All these deficits in wealth, occasioned by the war, are a substantial loss; and the prospect would be dispiriting indeed, were not the rival nation in the very same predicament. But will this grievous loss be after the peace active, as it were, and felt by the community longer than the time required for the 2, 3, or 400,000 men, employed during the war in forwarding the destructive schemes, to resume their peaceable occupations; or till the number of them, who shall have died in America, the Indies, of the scurvy, or at the fatal tree, be replaced by the ordinary course of population?—This I cannot conceive by any means: some of the reasons, which I have to adduce, will be found in the reflections I am about to present on the second part of the impost, which seems to me not less useful than the first is necessary: all my other arguments will appear in the other parts of this work.
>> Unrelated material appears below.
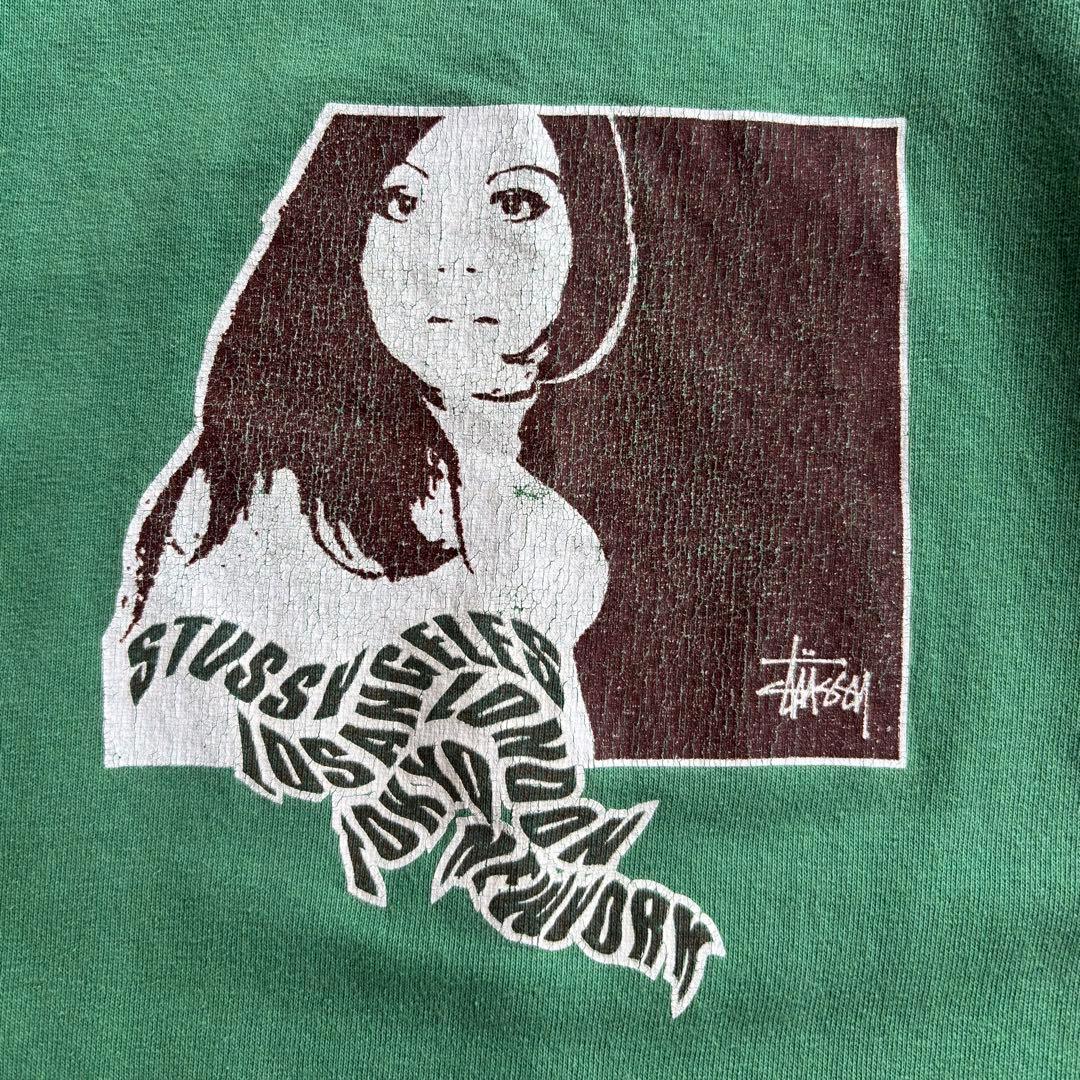 00s old stussy graphic print tee usa製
If it can be concluded from the ensemble, that all the evils brought about by a bad or ill-fated administration, are naturally, and without expence, compensated under a wise ministry, and that the most barbarous and most extravagant of them all could have no other means of ruining the nation than by destroying the people; then, made easy on the effects of the national debt, we shall have courage enough to acknowledge, that it is as sacred in the hands of those, who, having furnished the value, are in possession of the vouchers, as the crown on the head of the monarch; and we shall enjoy the freedom of mind necessary to infer, that although Providence often seems to leave to chance the destiny of some individuals, yet it is very far from being indifferent to all that concerns the whole species[2].